───── SUPPLIED DATA ─────
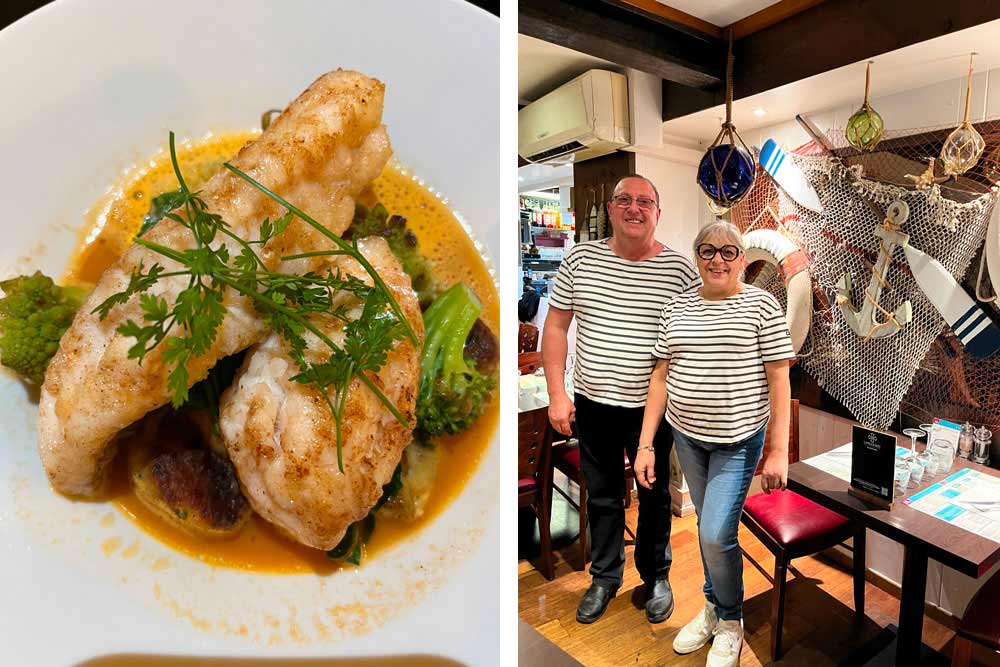 Tony et Sylvie Trenga, sympathiques patrons (et chef) du Monte Christo. A gauche, délicieux poisson du jour (Paris Méditerrannée)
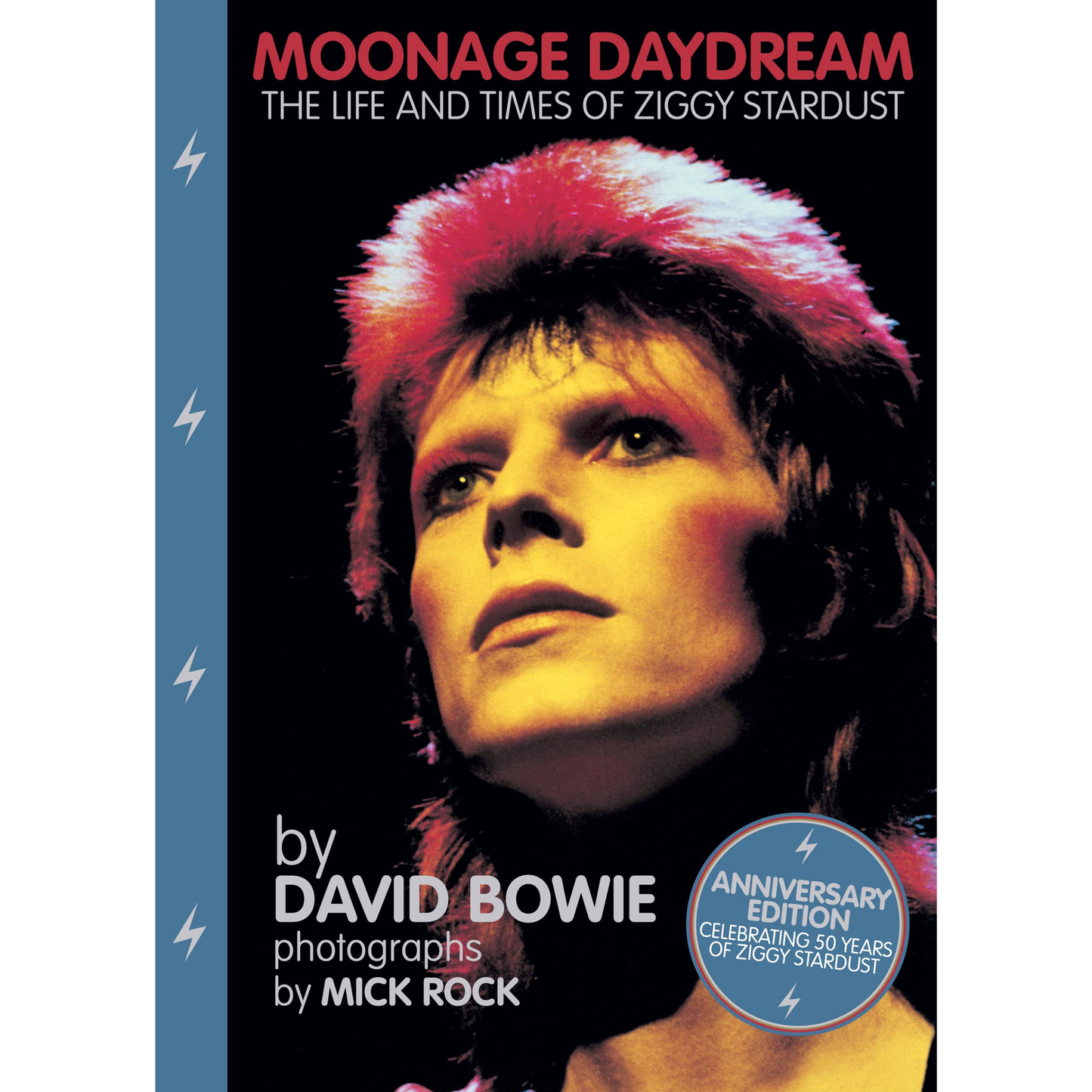 Moonage Daydream book front cover featuring an image of David Bowie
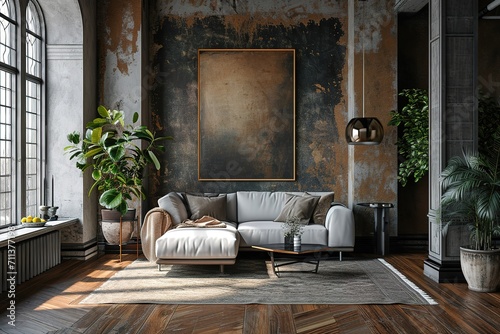 mock up poster in elegant living room in stylish apartment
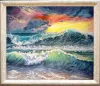 キャンバス上のモダンな海景オイルリビングルームのための嵐の海の波絵、ダイニングルームの家の装飾的な壁アート手作りのフレームなし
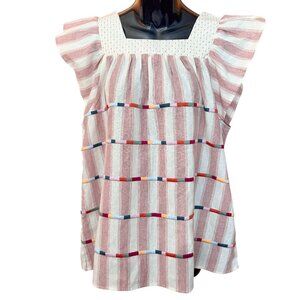 Entro NEW Striped Rainbow Embroidered Flutter Sleeve Boho Top Women's size L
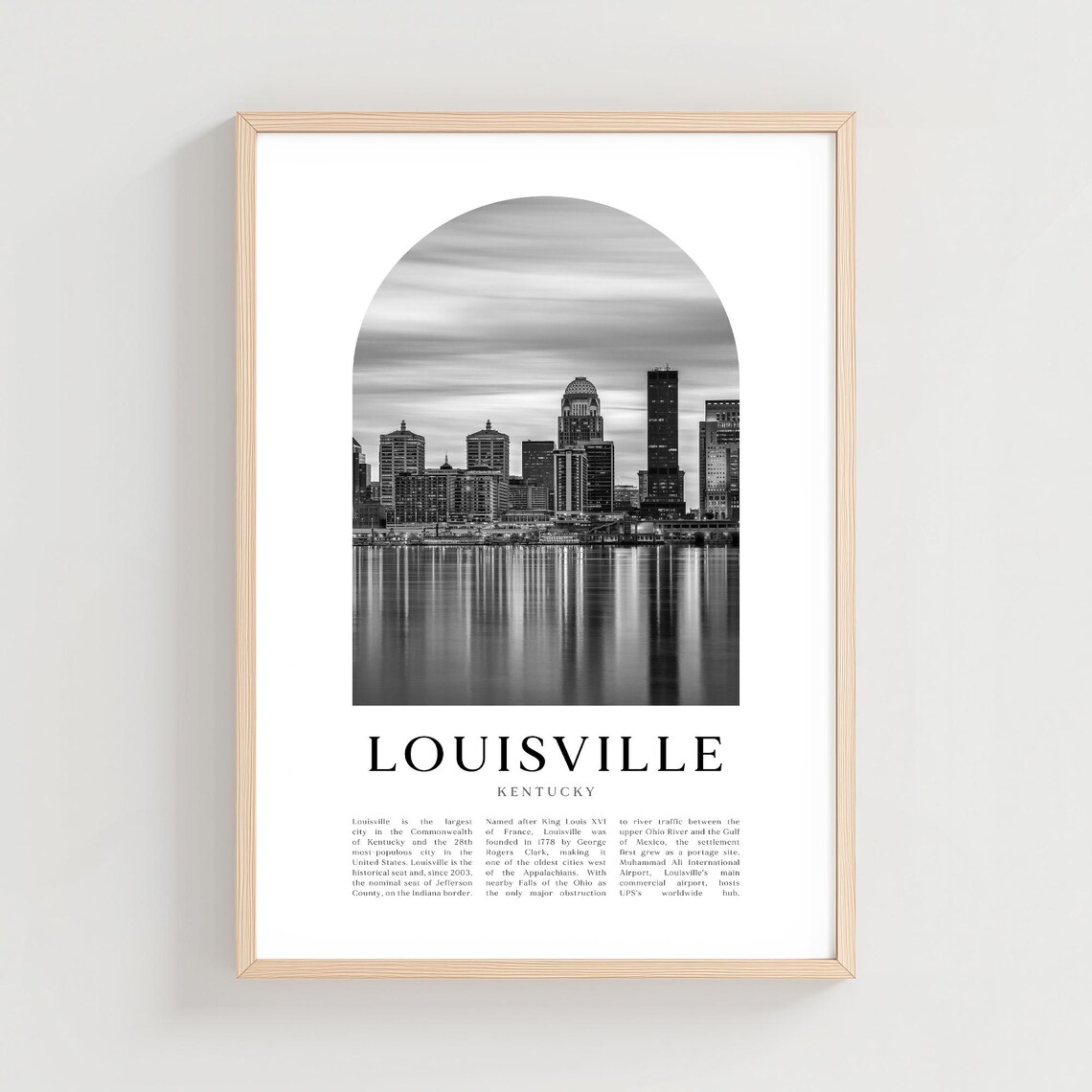 Louisville Kentucky Black and White River Skyline Arch Photo Art Poster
─────
EXERCISE GOAL:
When you set down the records above, copy every line exactly and exclude the pictures.

RESPONSE TO THIS TASK:
 Tony et Sylvie Trenga, sympathiques patrons (et chef) du Monte Christo. A gauche, délicieux poisson du jour (Paris Méditerrannée)
 Moonage Daydream book front cover featuring an image of David Bowie
 mock up poster in elegant living room in stylish apartment
 キャンバス上のモダンな海景オイルリビングルームのための嵐の海の波絵、ダイニングルームの家の装飾的な壁アート手作りのフレームなし
 Entro NEW Striped Rainbow Embroidered Flutter Sleeve Boho Top Women's size L
 Louisville Kentucky Black and White River Skyline Arch Photo Art Poster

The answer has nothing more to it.